Explore adding support for tool calling in `HuggingFaceAPIChatGenerator` when streaming
Describe the Feature
It would be great to add support for tool calling when running HuggingFaceAPIChatGenerator in streaming mode.
As shown here https://github.com/deepset-ai/haystack/blob/2ccdba3e99024072c69b4752a6478284813dd182/haystack/components/generators/chat/hugging_face_api.py#L411-L412
we only process the generated text here and only store it as text content here https://github.com/deepset-ai/haystack/blob/2ccdba3e99024072c69b4752a6478284813dd182/haystack/components/generators/chat/hugging_face_api.py#L436
whereas we should properly populate the tool_calls param of ChatMessage if a tool call is present.
The underlying HuggingFace streaming chunk dataclass does contain tool call information
@dataclass_with_extra
class ChatCompletionStreamOutputDelta(BaseInferenceType):
role: str
content: Optional[str] = None
tool_call_id: Optional[str] = None
tool_calls: Optional[List[ChatCompletionStreamOutputDeltaToolCall]] = None
Additional context
It looks like _run_streaming would need to be updated to process tool calling streaming chunks.
To Reproduce
from haystack.tools import Tool
from haystack.dataclasses import ChatMessage
from haystack.components.generators.chat.hugging_face_api import HuggingFaceAPIChatGenerator
from haystack.components.generators.utils import print_streaming_chunk
def get_weather(city: str) -> str:
"""Get weather information for a city."""
return f"The weather in {city} is Sunny and 22 C"
tool_parameters = {"type": "object", "properties": {"city": {"type": "string"}}, "required": ["city"]}
tool = Tool(
name="weather",
description="useful to determine the weather in a given location",
parameters=tool_parameters,
function=get_weather,
)
chat_messages = [ChatMessage.from_user("What's the weather like in Paris?")]
generator = HuggingFaceAPIChatGenerator(
api_type=HFGenerationAPIType.SERVERLESS_INFERENCE_API,
api_params={"model": "NousResearch/Hermes-3-Llama-3.1-8B"},
generation_kwargs={"temperature": 0.5},
streaming_callback=print_streaming_chunk,
)
results = generator.run(chat_messages, tools=[tool])
If I am not wrong, this was done because HF API does not support tools + streaming in a stable/reliable way.
https://github.com/deepset-ai/haystack/blob/2ccdba3e99024072c69b4752a6478284813dd182/haystack/components/generators/chat/hugging_face_api.py#L324-L325
Ahh okay good to know.
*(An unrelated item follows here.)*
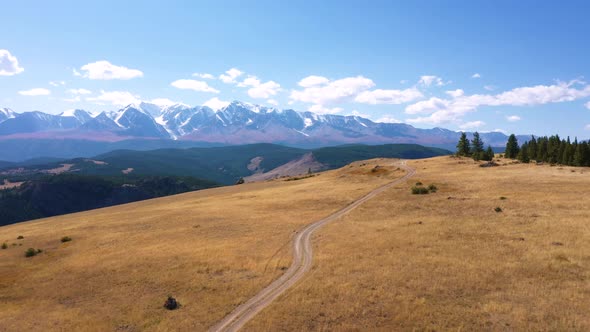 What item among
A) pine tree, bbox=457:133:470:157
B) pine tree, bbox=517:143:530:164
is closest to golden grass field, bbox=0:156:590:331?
pine tree, bbox=517:143:530:164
Is there a place we could check to see if that is still the case? They do have the ability to return tool call information in their streaming chunks. And at least looking into their current spec for ChatCompletionStreamOutputDeltaToolCall it looks well specified with dataclasses.
@dataclass_with_extra
class ChatCompletionStreamOutputDeltaToolCall(BaseInferenceType):
function: ChatCompletionStreamOutputFunction
id: str
index: int
type: str
@dataclass_with_extra
class ChatCompletionStreamOutputFunction(BaseInferenceType):
arguments: str
name: Optional[str] = None
Do you remember what about it wasn't stable?
Explained in https://github.com/deepset-ai/haystack-experimental/pull/120#issue-2592418479 (several links available). This information can be outdated.
More detail specifically in this comment https://github.com/deepset-ai/haystack-experimental/pull/120#discussion_r1806334949
The HF API allows this use case, but I made this decision for the following reasons:
- the streaming output to expect when there are tool calls is pratically undocumented
- based on my experiments, I see that depending on the model, the API returns differend end tokens (e.g.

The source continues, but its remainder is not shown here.